I’m sure there are a host of reasons that might accurately explain the phenomenon of the “millennial side hustle”. As a millennial, I was raised, like most millennials, without the irritating notion that my greatest ambitions to pursue a career in Shopping Mall Architecture (3rd grade), Horror Movie Director (4th grade), Science Fiction Writer (5th grade), and finally, musician (6th grade — today) would be anything but a finger-tips’ pluck from the vine of destiny. As it stands, I use every ambition I ever imagined every day in my pursuits as a musician, business owner, educator, and would-be-horror-movie-director, because my real life experiences inform my real world skills.

The way I was trained in music and the way I was raised in life make it a natural step to infuse my business (private music lessons) with practical skills. These skills are meant to transcend the practice room and, if the Gods of discovery smile upon us, transcend beyond the very pursuit of music.

I’ve never reprimanded a student for taking the same shortcuts that I use in my everyday life. To me, it’s not a natural step. And so I am left with one option: teaching real world skills.

I pay my bills by performing, writing, and teaching music. You might call it a blessing; I call it obstinate. Today, at a music camp at Cornish College, I recounted my personal entry into a career in music: “I decided early on I would play music, and that was that.”

I might be paraphrasing, but the kernel of truth is there — I never considered another option. The real world would accept me as the song-birding, saxophone-toting, guitar-slinging, ivory-tickling man I would become. My mentors would sigh at my bravado; parents of friends who had “given the biz a go” would raise their eyebrows and shake their heads, but no one had the influence to convince me there was anything but a career in music quietly assembling itself in the back room of my future.

I wish, in this moment, that my business plan included even a morsel of business acumen. But hindsight doesn’t pay the tax man. And thus, I feel obliged to pass along to the generations marching boldly in my footsteps how to skip over *a few* piles of baloney.

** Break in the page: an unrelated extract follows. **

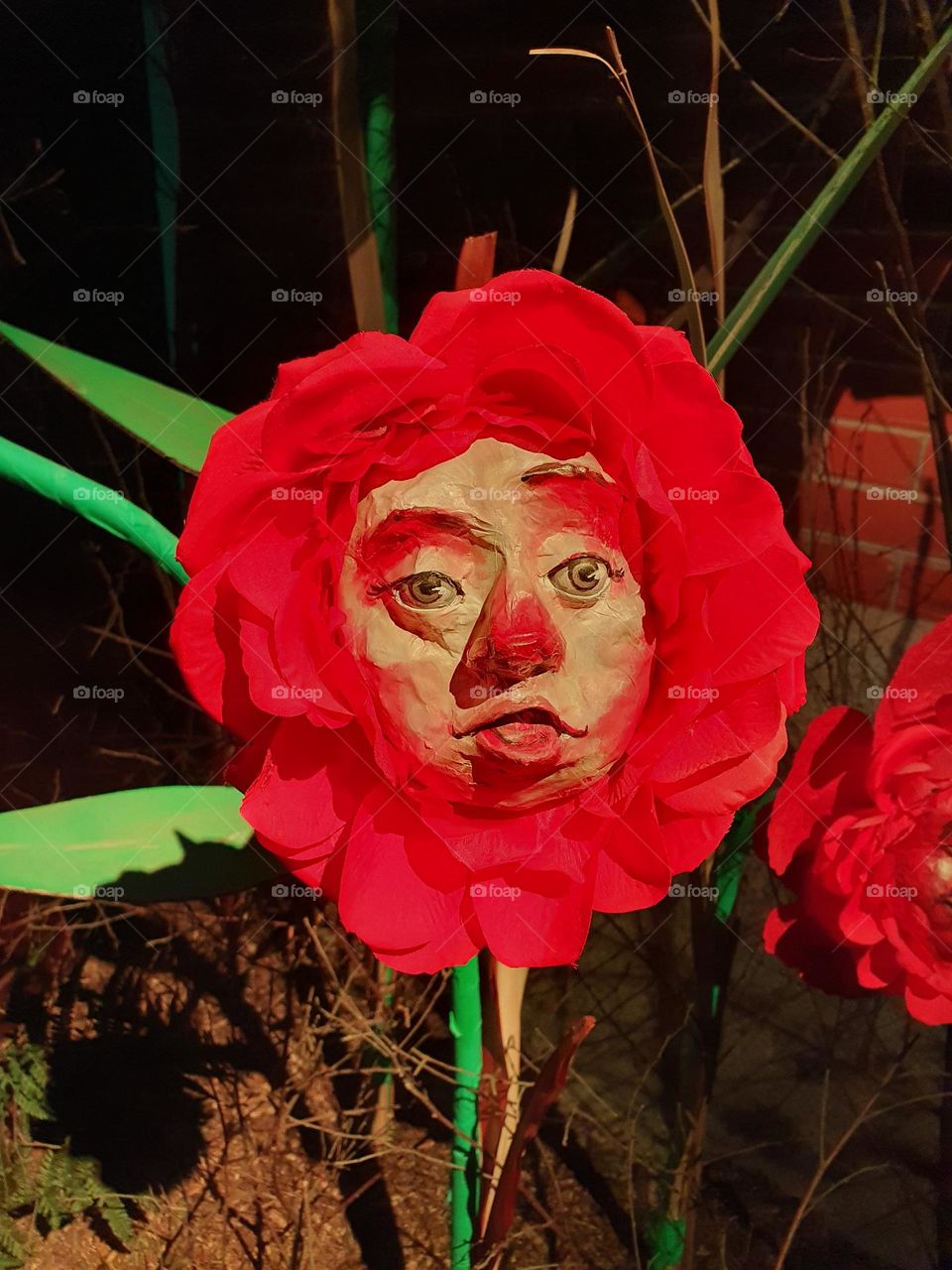 Close up on a paper handmade creation of a red flower with green leaves representing a funny face at a Christmas display in Suscinio's castle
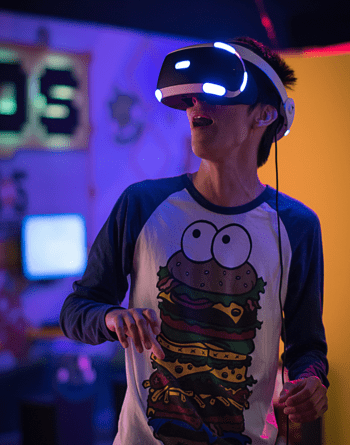 A guy with a funny burger t-shirt wears a virtual reality headset and is amazed by the virtual worlds he dives into.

Peering Beyond The Classroom

I was not trained to teach music lessons. A younger me would say I was forced to teach, but I’ve moved beyond passing off the opportunity to educate as circumstantial. Frankly, I love teaching.

I love the human connection. It’s thrilling to help people solve problems, not just regarding lyrics or intonation, but about relationships and anxiety; self-worth and personal health. My students open themselves to me — they share their insecurities and ambitions, and I listen as carefully and often as I can, because it would be a terrible waste to miss out on hearing a good story, even if the path to it is winding.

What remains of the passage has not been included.